-
Notifications
You must be signed in to change notification settings - Fork 10
Description
Context
To create signed URLs for the directory-based file format called Zarr, Polaris implements a custom Zarr storage class called PolarisFS. We have a first version of this subsystem implemented, but performance is not great yet.
Description
This ticket is concerned with profiling and optimizing the current implementation such that we can read and write larger datasets. Using the internet in the Valence office in Montreal and using Cloudflare's speed test, I found that we have an up- and download speed of about 210 Mbps. This would mean we can up- and download 10GB files in about 6.5 minutes.
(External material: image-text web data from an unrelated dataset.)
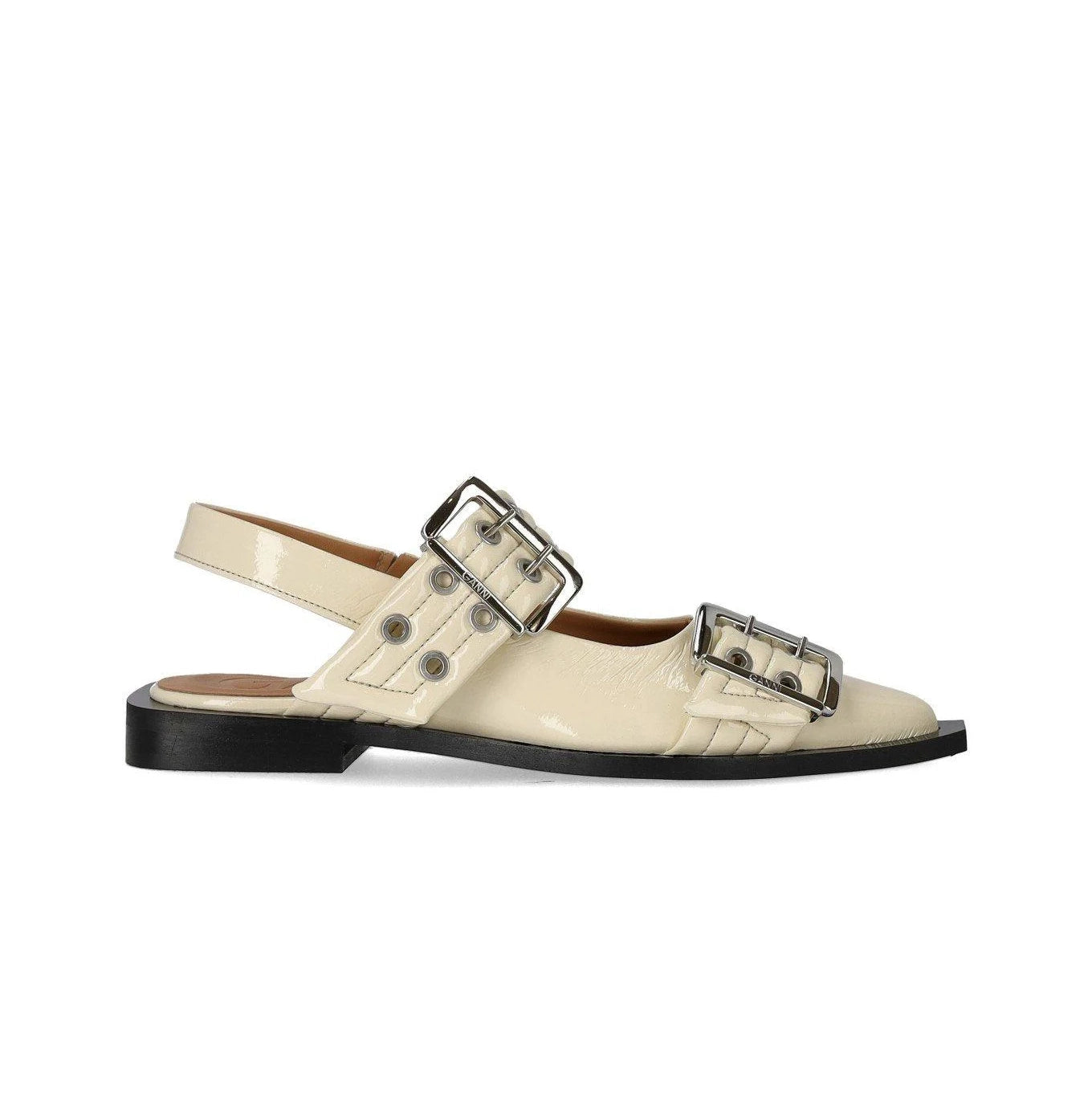 Ganni Patent Leather Buckle Flats in Ivory, size 39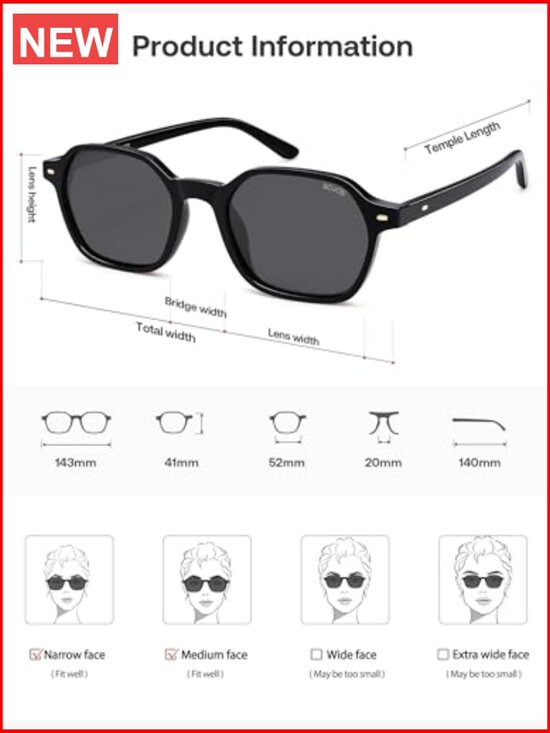 Retro Square Polarized Sunglasses UV400 Protection Thin Slim Shades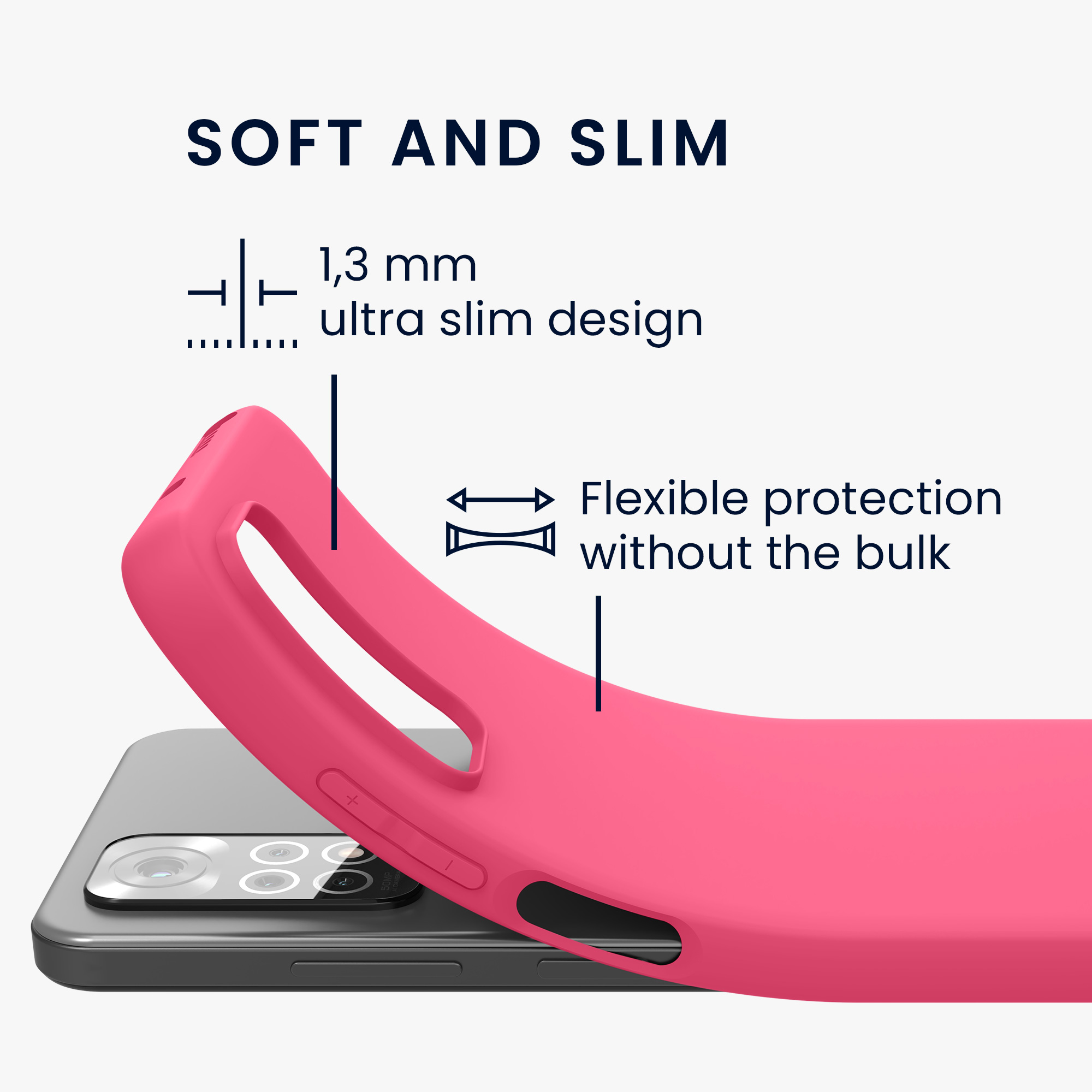 Kryt Xiaomi Redmi Note 11 silikonový TPU růžová kwmobile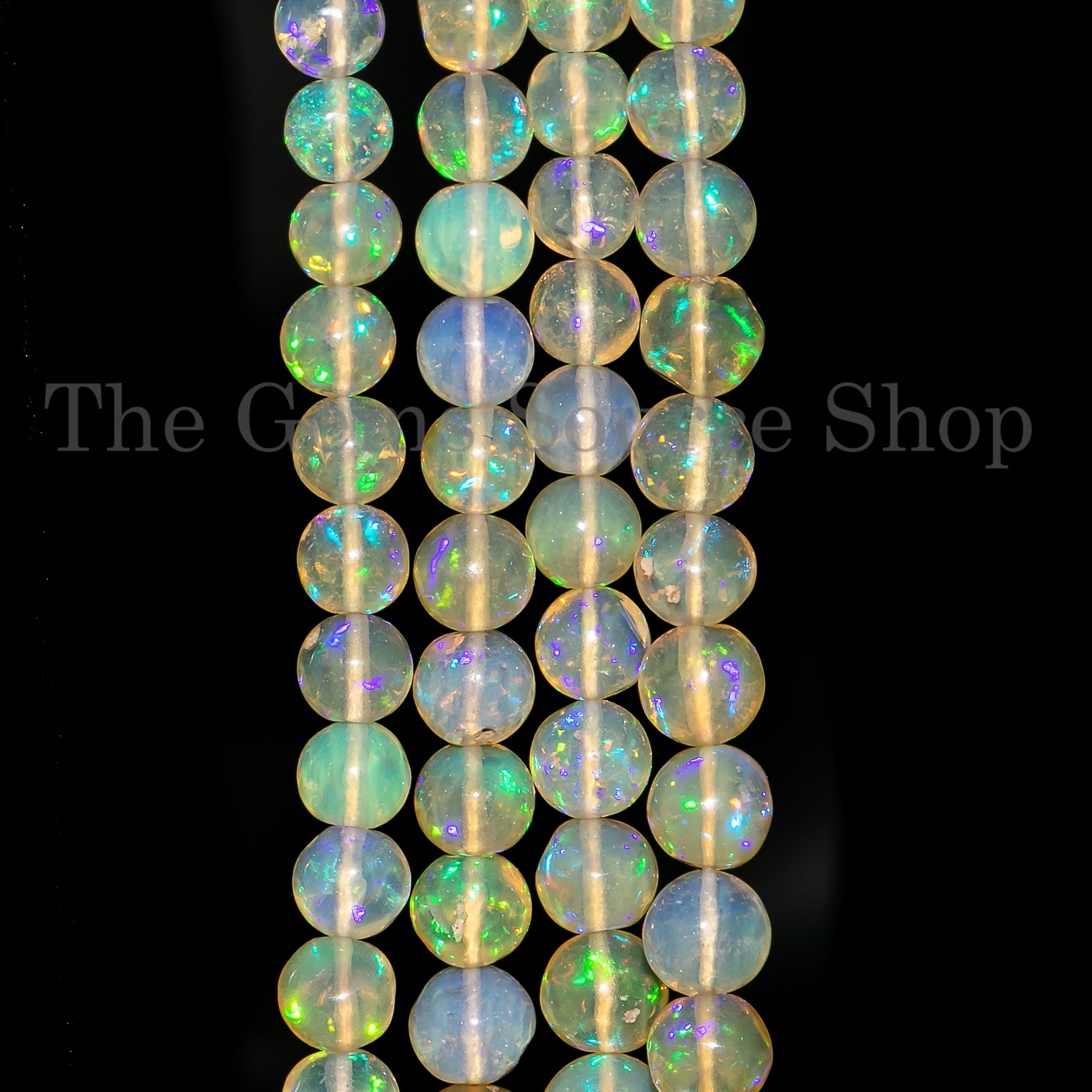 Natural Ethiopian Opal Smooth Round Shape Beads TGS-3919
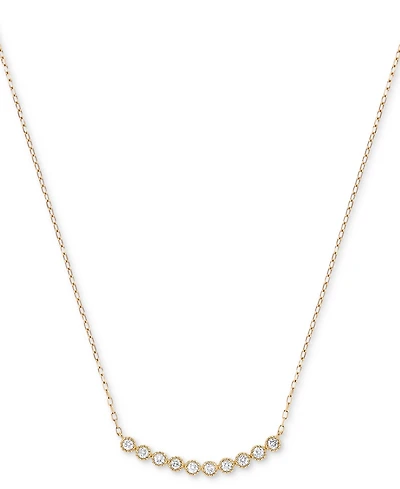 Diamond Bezel Curved Bar 18" Statement Necklace (1/4 ct. t.w.) in 14k Yellow Gold or 14k Rose Gold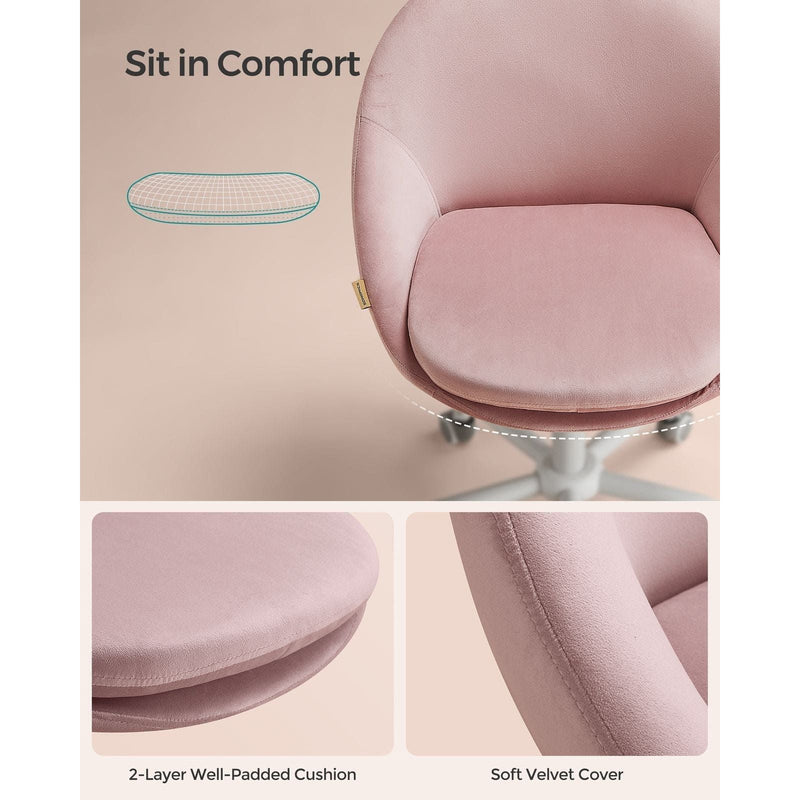 Image of a Modern Velvet Office Chair With Wheels. This is pink with white swivel wheels.
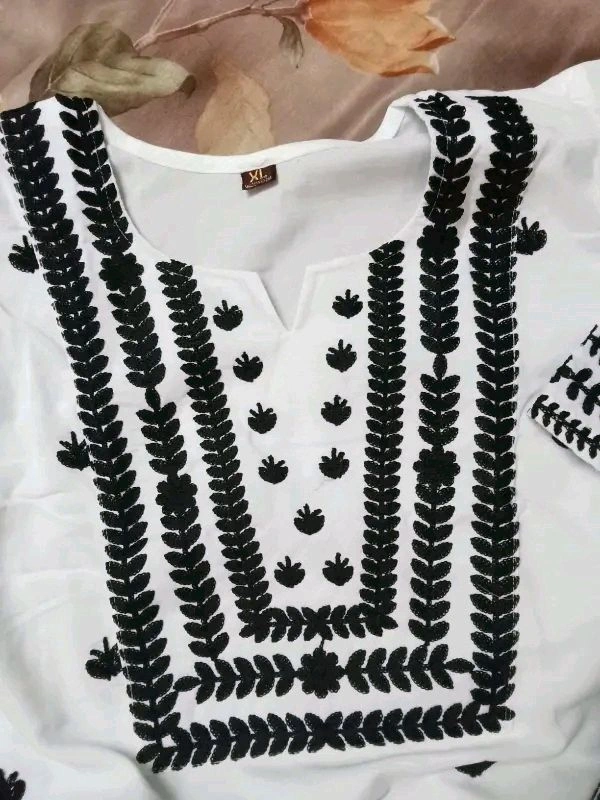 WHITE EMBROIDERY KURTI FOR WOMEN'S - M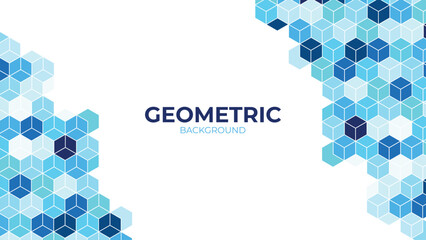 Blue abstract background cube seamless pattern. White blue geometric background. Abstract graphic elements for presentation background design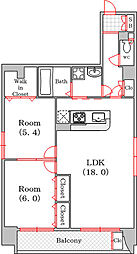 グランドシーズ四ツ橋堀江公園 2LDKの間取図画像
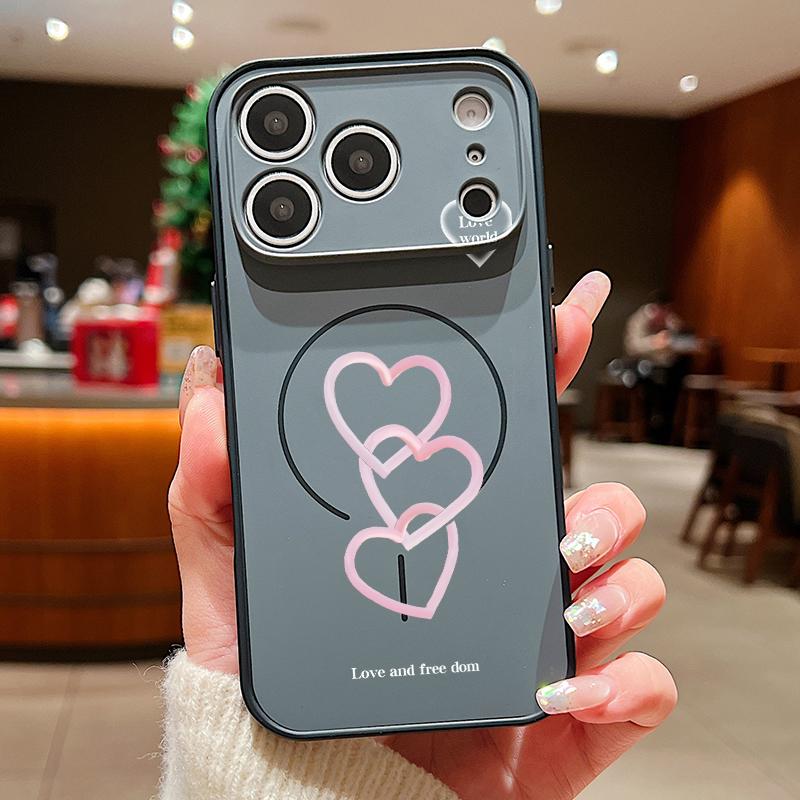 

Lovely Pink Hearts Pattern Case For iPhone 17 Pro Max iPhone 16 15 14 13 Pro Max Magnetic For Magsafe Hybrid TPU+PC Matte Cover iPhone 13 чёрный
The goal of this ticket is to be able to read and write a Zarr archive at most three times as slow as when we would've uploaded / downloaded the archive directly. (In other words, using Polaris in the Valence office in Montreal, the upload should take at most ~19.5 min).
Acceptance Criteria
- We can read a 10GB Zarr archive in 13 minutes.
- We can write a 10GB Zarr archive in 13 minutes.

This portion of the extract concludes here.